En plus des marchands, quelques personnes bien en vue comme le philanthrope Wilfred Grenfell et le chef syndical et homme politique William Coaker plaident également en faveur d'une « commission » qui mettrait un terme aux intentions cachées des gens élus. Cette commission prendrait les mesures fermes qui s'imposent pour redresser la situation du dominion. Si, selon eux, la classe politique gaspille des fonds publics à l'achat de votes, seul un gouvernement non tributaire du vote populaire peut appliquer des solutions difficiles et nécessaires.

L'administration Alderdice

Durant la campagne électorale qui a lieu après l'émeute de 1932, le marchand Frederick Alderdice promet, s'il est élu, que son gouvernement étudiera la possibilité d'abroger la constitution. Il s'engage aussi à former une commission chargée d'administrer le pays jusqu'à l'amélioration de l'état des choses. Son parti remporte l'élection, mais ce n'est pas lui qui mène l'enquête.

Frederick Alderdice (1872-1936), s.d.
Frederick Alderdice (1872-1936), s.d.
Frederick Alderdice est premier ministre de Terre-Neuve de 1932 à 1934.
Avec la permission des archives (A 23-101), The Rooms, St. John's, T.-N.-L.

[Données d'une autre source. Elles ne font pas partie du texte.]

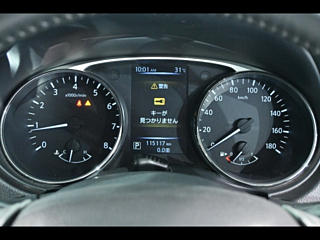 NISSAN X-TRAIL 2014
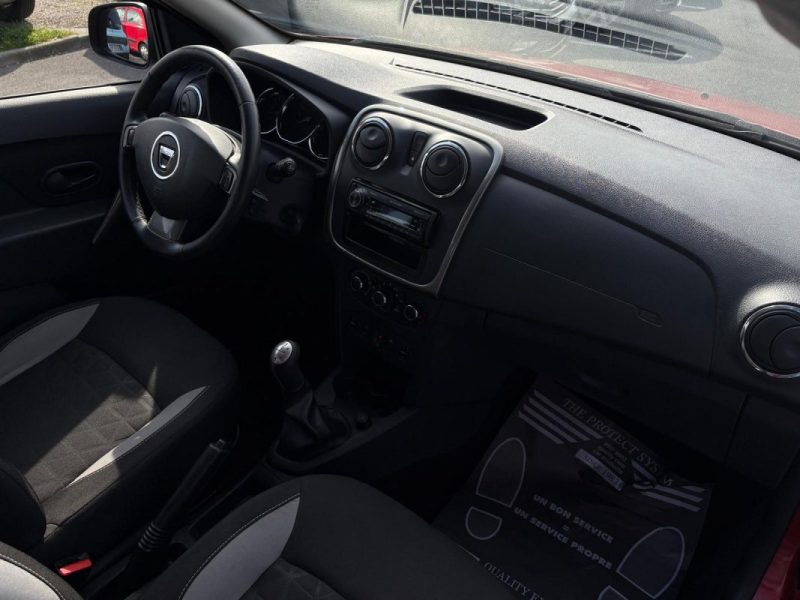 DACIA SANDERO 1.5 dCi 90ch Prestige 🚗🛠️ Suivi complet 📋 1ère main 👤 Reprise 🔄 Garantie 6 mois ✅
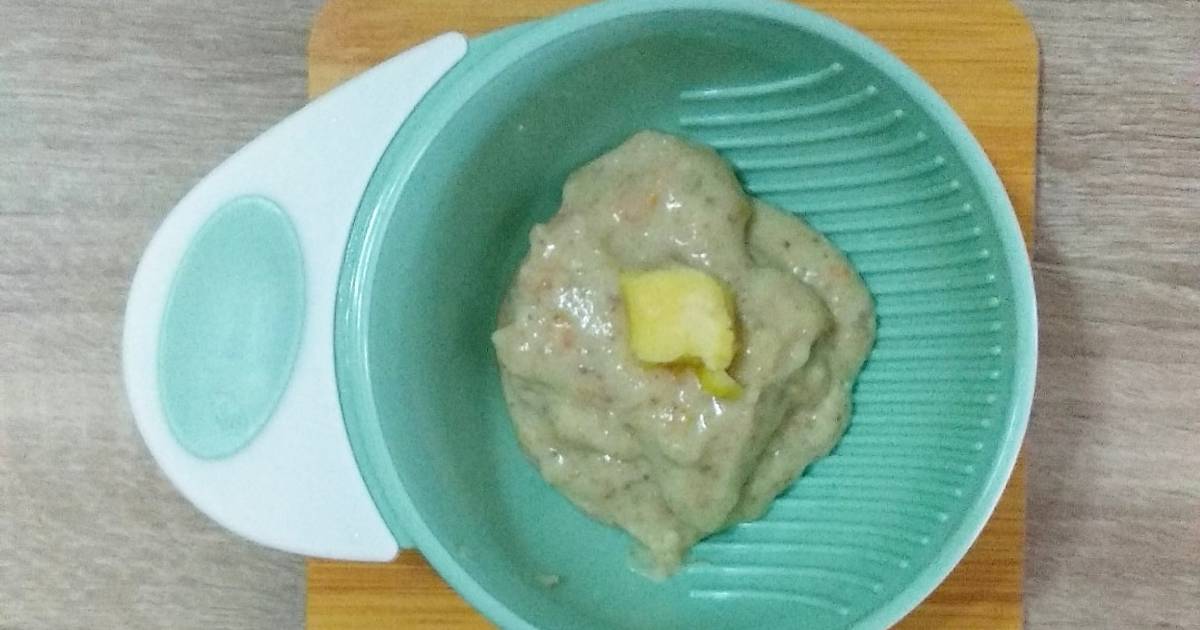 46 resep mpasi daging sapi 6 bulan enak dan sederhana ala rumahan - Cookpad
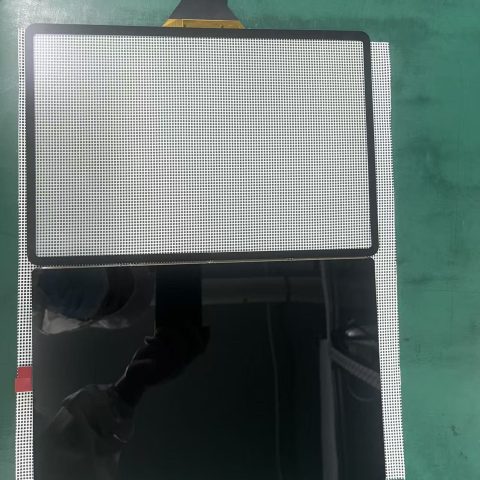 《深圳宇锡屏幕邦定bonding和绑屏贴合》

Frederick Alderdice constate non seulement qu'il ne peut réduire les dépenses ni contracter d'autres emprunts, mais que les banques lui dictent des conditions draconiennes. Le gouvernement songe alors à une inexécution partielle de ses engagements, réduisant ainsi temporairement le remboursement de la dette. Les gouvernements britannique et canadien font immédiatement barrage à cette proposition. Terre-Neuve utilise le dollar canadien depuis 1894. Le Canada ne veut pas que sa monnaie et son secteur bancaire en souffrent. La Grande-Bretagne craint pour sa part une atteinte à la cote de crédit de tout l'empire. Le Canada et la Grande-Bretagne consentent donc à financer le remboursement de la dette en attendant le dépôt du rapport d'une commission royale d'enquête.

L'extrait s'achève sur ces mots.